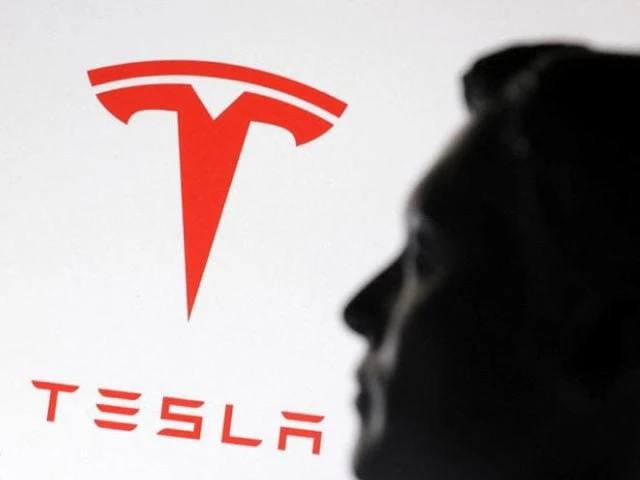 a 3 d printed miniature model of musk and tesla logo photo reuters a 3 d printed miniature model of musk and tesla logo photo reuters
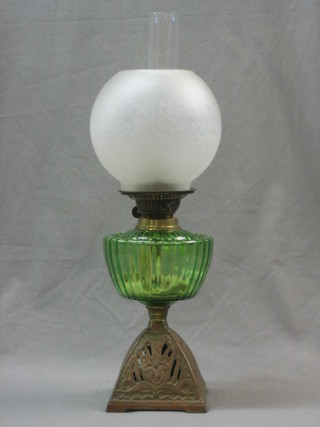 A Victorian green glass oil lamp reservoir raised on a pierced gilt metal base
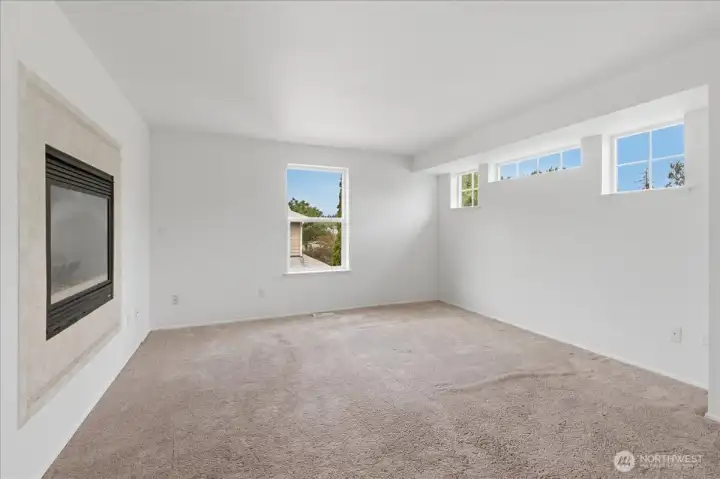 Primary bedroom with natural light and see through gas fireplace.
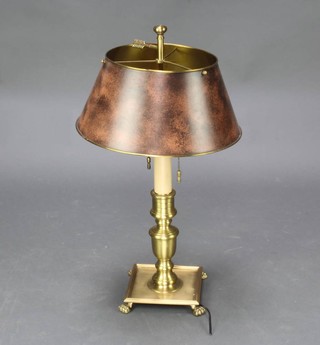 A 19th Century style gilt and pressed metal table lamp raised on a square base with hoof feet 23cm h, the shade 34cm diam. 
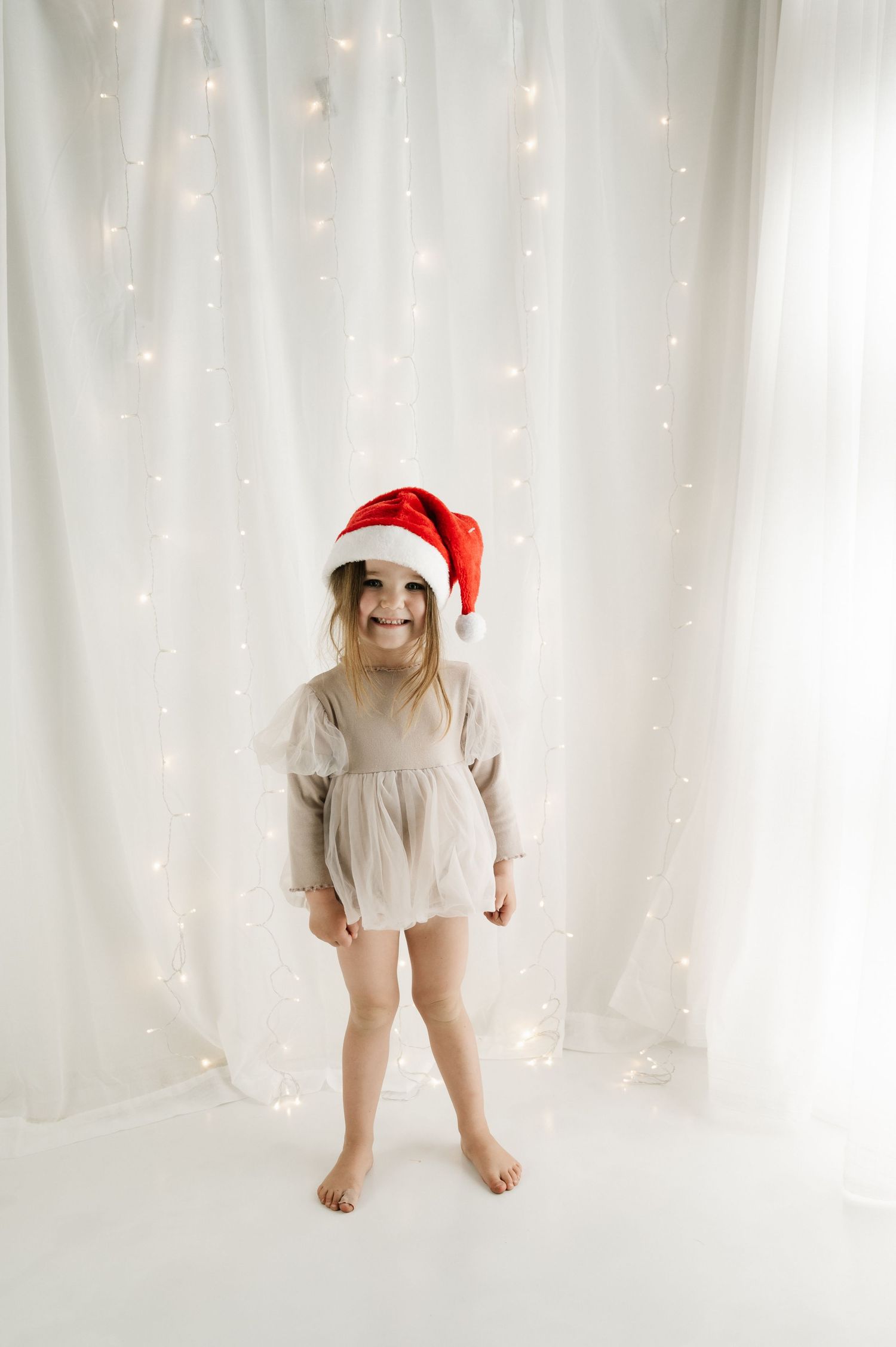 Child in beige dress and Santa hat standing against white backdrop with twinkle lights.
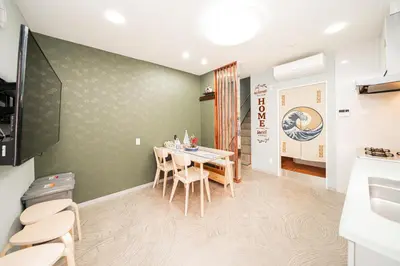 a dining room with a table and chairs at Spacious 3-Story House with 2 Baths, 7 min to Metro direct to Akihabara Ueno Ginza in Tokyo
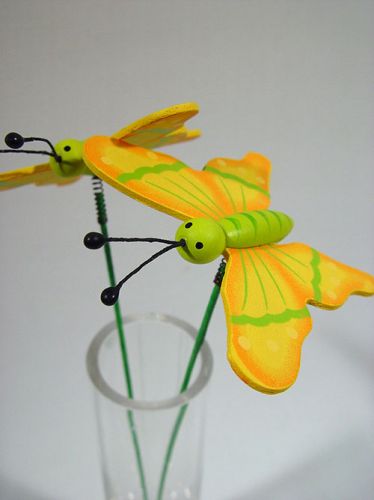 Floristik24 Butterfly on pick green/yellow wood 7cm (24 pcs)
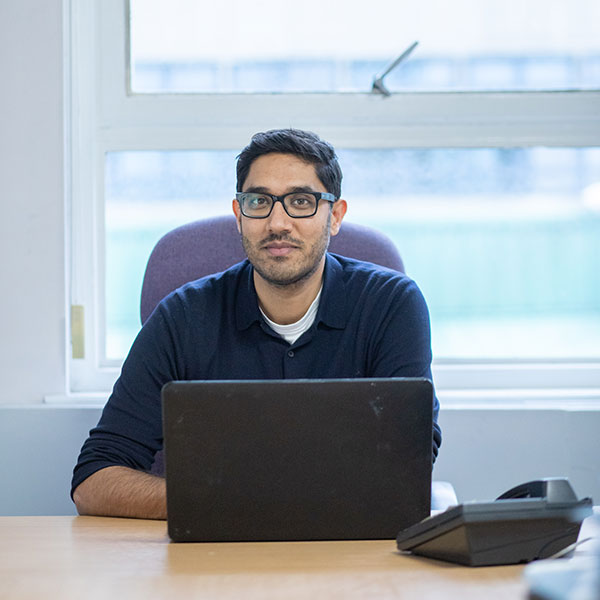 Manish Joshi sitting in front of a laptop.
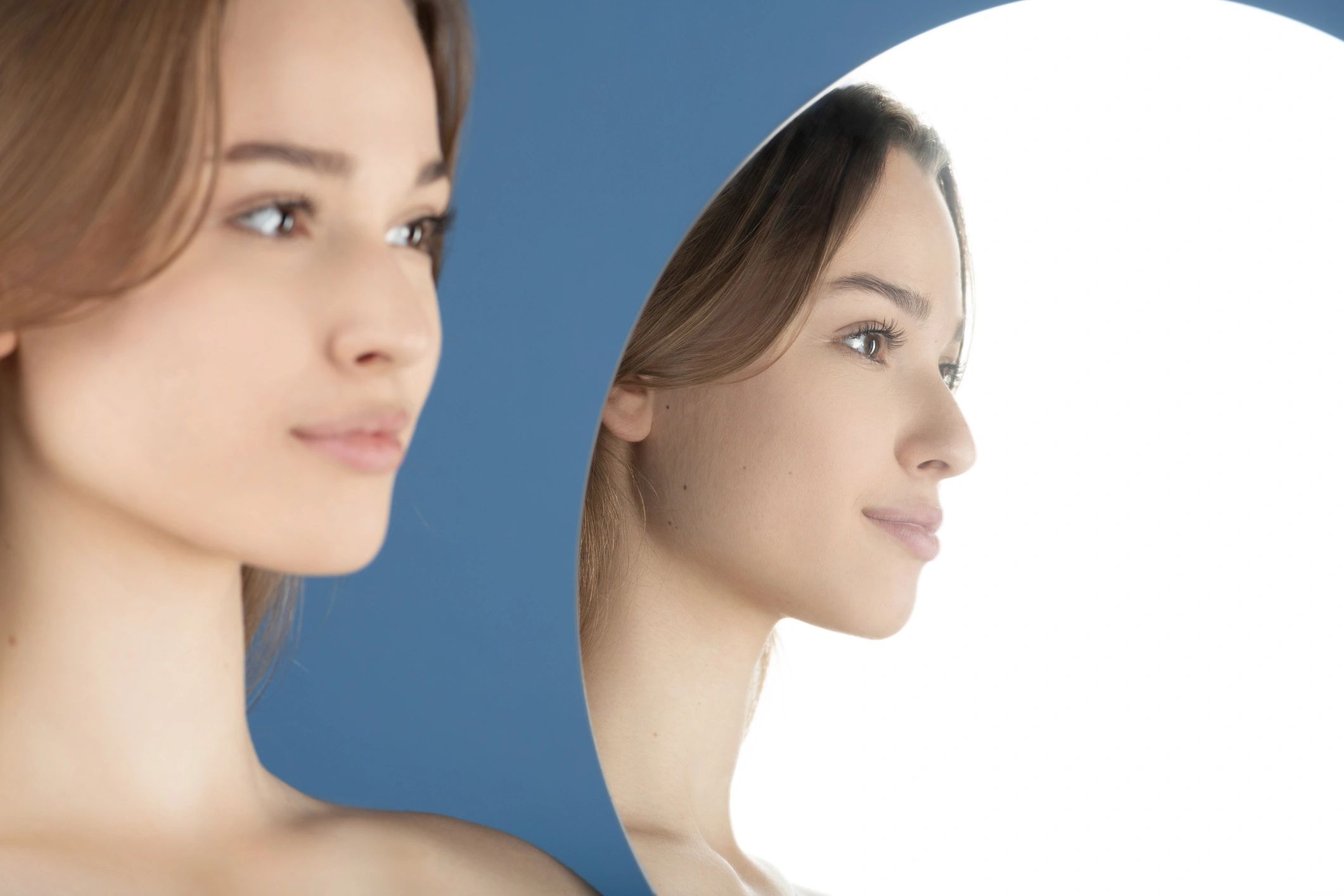 Woman looking at reflection in mirror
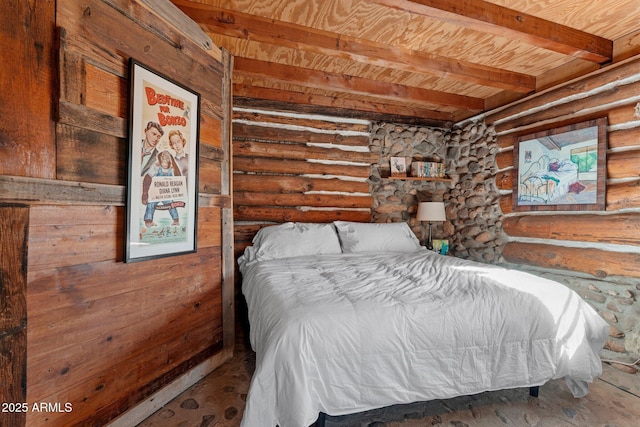 bedroom featuring beam ceiling, wooden ceiling, and rustic walls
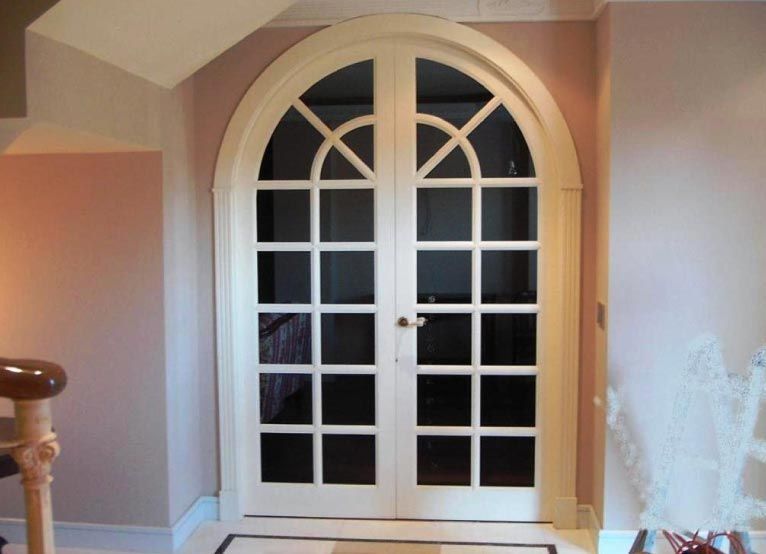 Una habitación con una escalera y una puerta blanca.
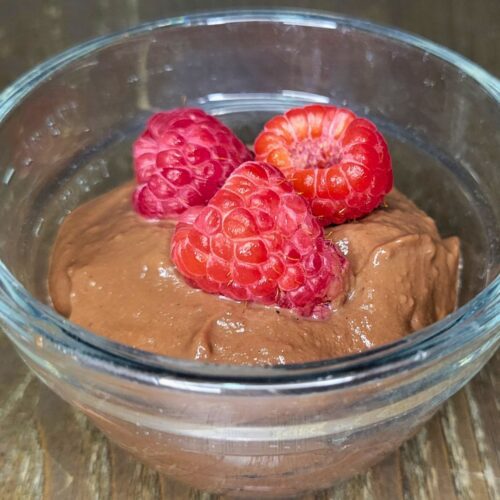 chocolate pudding made with fresh milled flour and topped with fresh raspberries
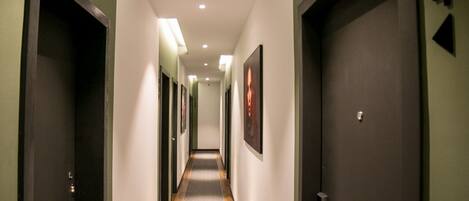 A hotel hallway with doors on both sides, a carpeted floor, and recessed lighting.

◆ ◆ ◆ ◆

* WORK ORDER: In the listing above, find the line with "bedroom featuring beam" and the line with "chocolate pudding made". Copy both of them and every line between, exactly, but not the pictures.

* EXERCISE SOLUTION:
 bedroom featuring beam ceiling, wooden ceiling, and rustic walls
 Una habitación con una escalera y una puerta blanca.
 chocolate pudding made with fresh milled flour and topped with fresh raspberries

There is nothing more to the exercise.